* [EXERCISE]:
When you write out the listing, keep every word as it stands and drop the pictures.

─── PROVIDED MATERIAL

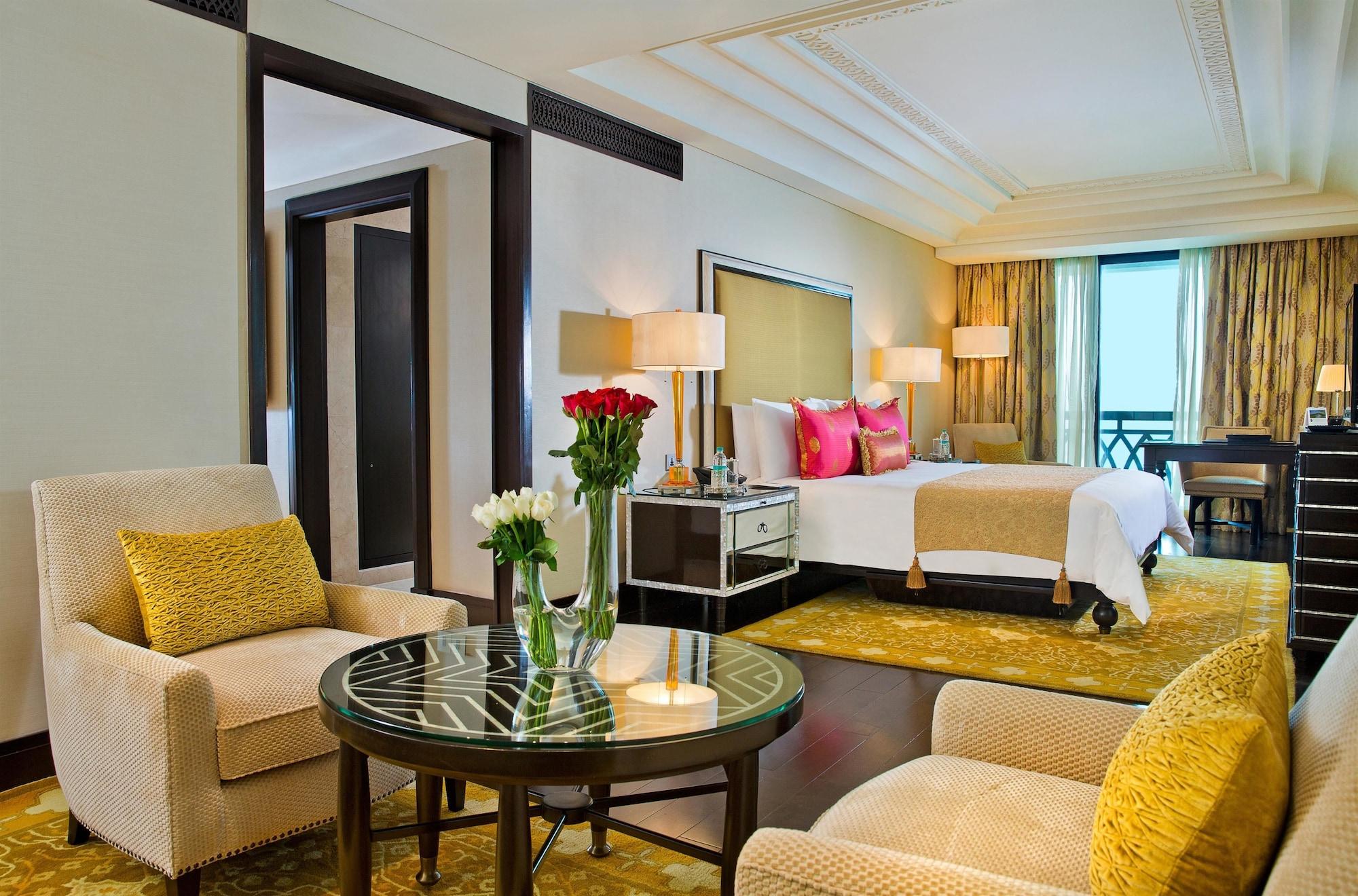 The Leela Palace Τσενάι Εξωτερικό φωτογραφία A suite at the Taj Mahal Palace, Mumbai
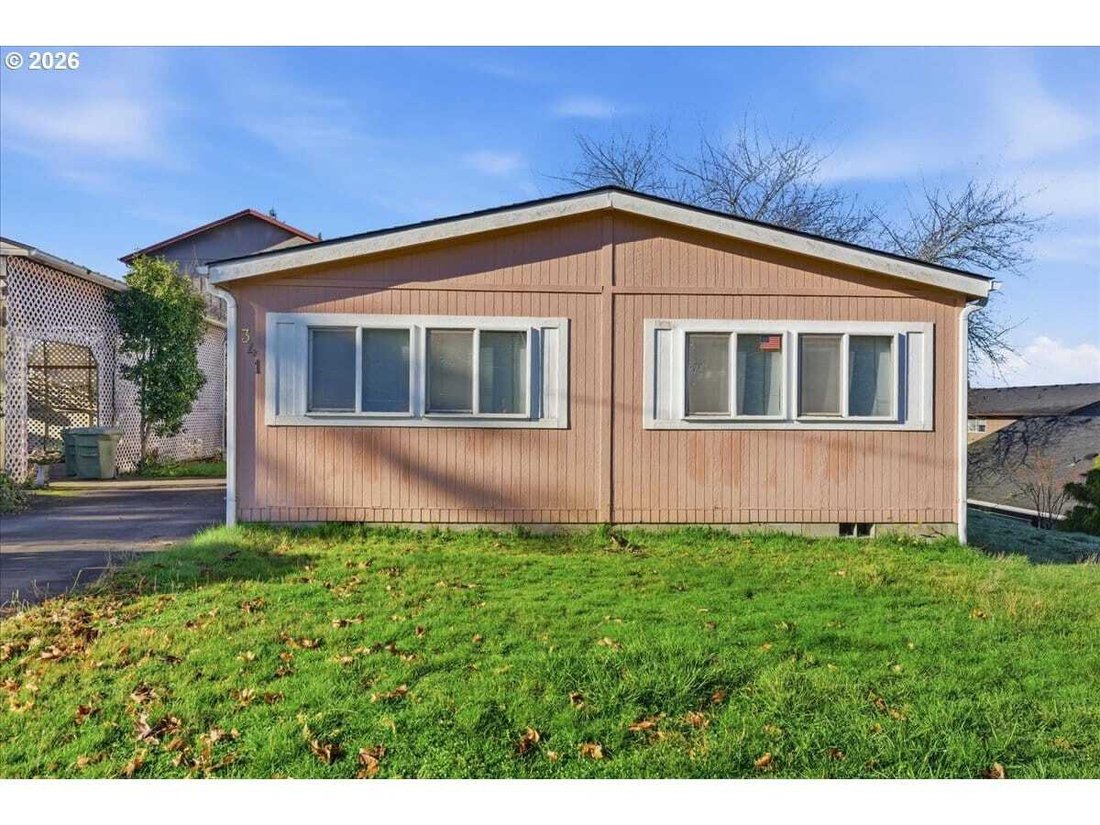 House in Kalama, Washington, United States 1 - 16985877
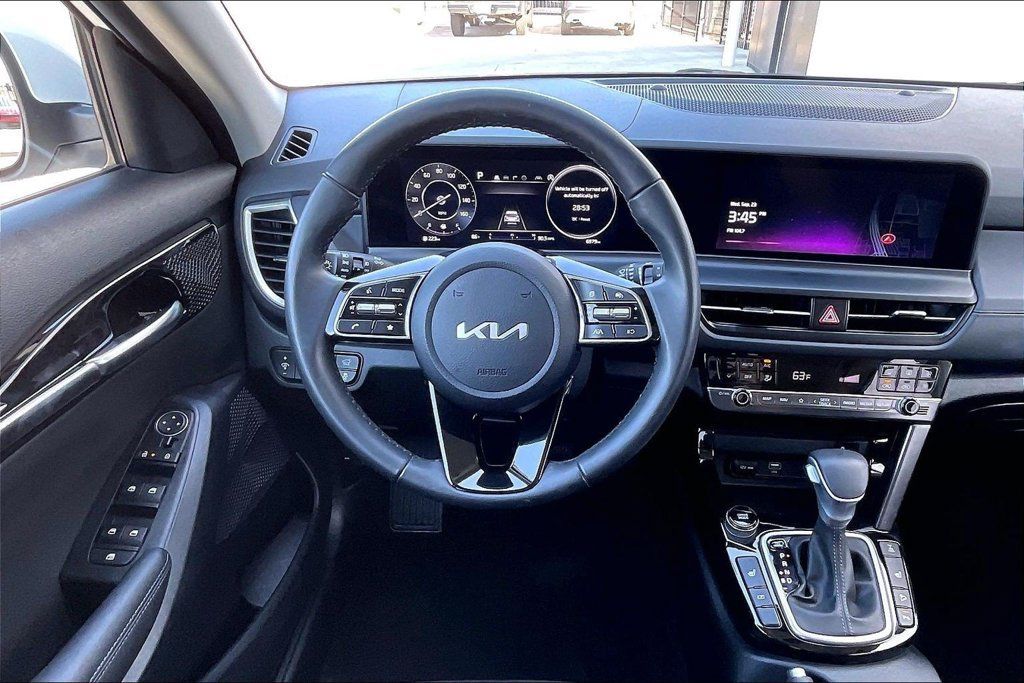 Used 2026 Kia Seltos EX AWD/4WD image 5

──────

* [TASK RESULT]:
 The Leela Palace Τσενάι Εξωτερικό φωτογραφία A suite at the Taj Mahal Palace, Mumbai
 House in Kalama, Washington, United States 1 - 16985877
 Used 2026 Kia Seltos EX AWD/4WD image 5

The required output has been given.